[MATERIAL PROVIDED]
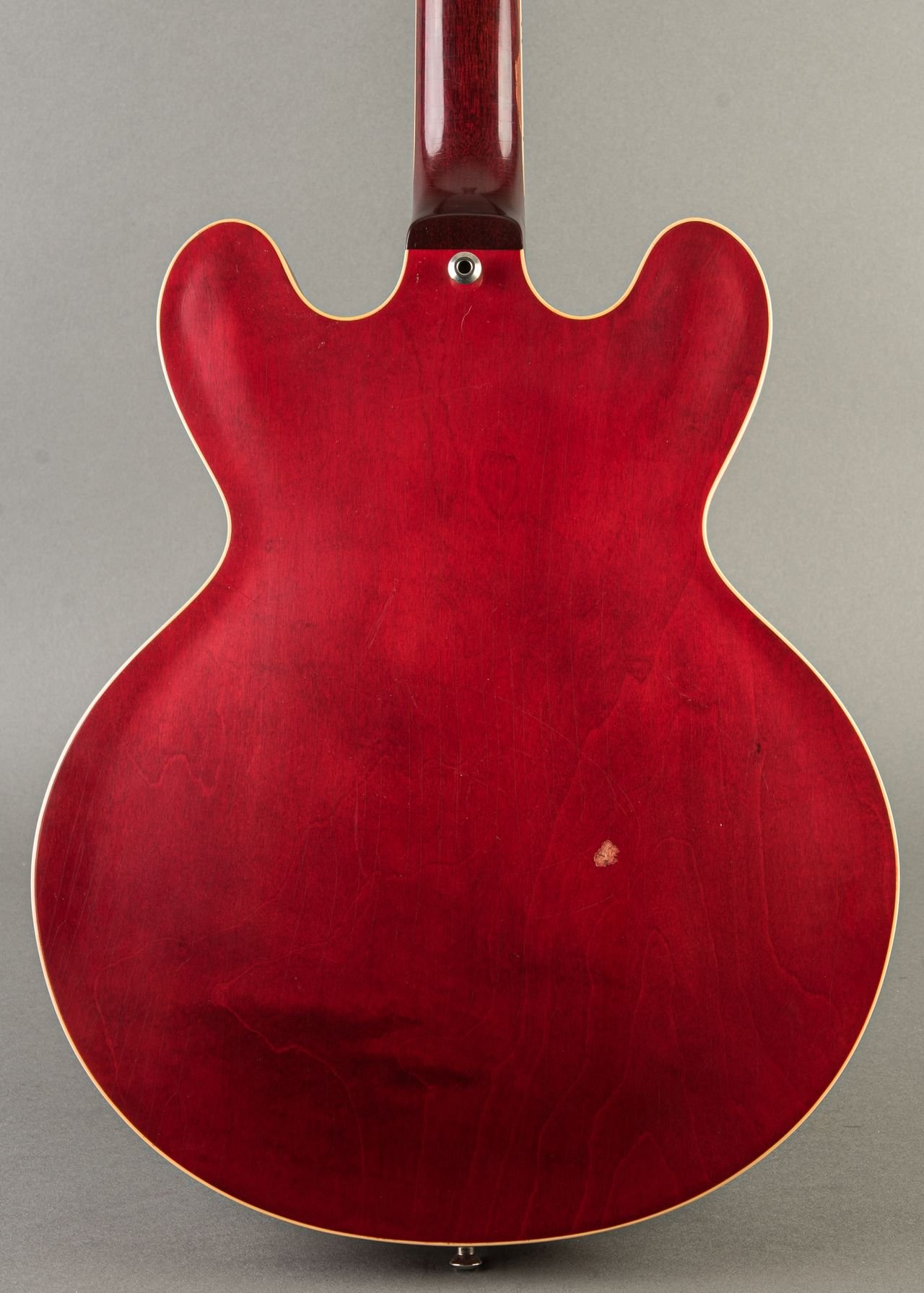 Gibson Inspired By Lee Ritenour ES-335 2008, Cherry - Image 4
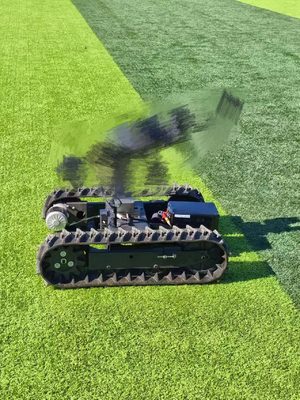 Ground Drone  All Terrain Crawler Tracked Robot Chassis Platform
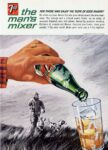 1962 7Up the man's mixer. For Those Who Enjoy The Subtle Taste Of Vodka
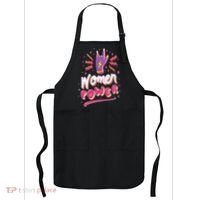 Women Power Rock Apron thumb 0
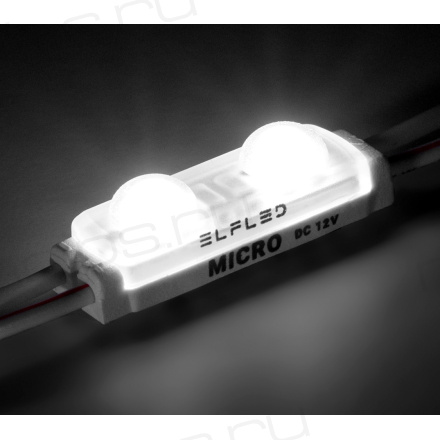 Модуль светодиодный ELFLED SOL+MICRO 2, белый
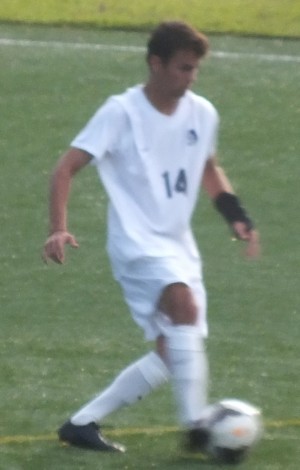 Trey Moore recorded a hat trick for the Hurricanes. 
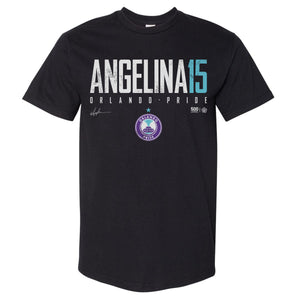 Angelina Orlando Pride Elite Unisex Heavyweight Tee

[YOUR OBJECTIVE] The listing must be repeated word for word, and none of its pictures may appear in the copy.

[TASK ANSWER]
 Gibson Inspired By Lee Ritenour ES-335 2008, Cherry - Image 4
 Ground Drone  All Terrain Crawler Tracked Robot Chassis Platform
 1962 7Up the man's mixer. For Those Who Enjoy The Subtle Taste Of Vodka
 Women Power Rock Apron thumb 0
 Модуль светодиодный ELFLED SOL+MICRO 2, белый
 Trey Moore recorded a hat trick for the Hurricanes. 
 Angelina Orlando Pride Elite Unisex Heavyweight Tee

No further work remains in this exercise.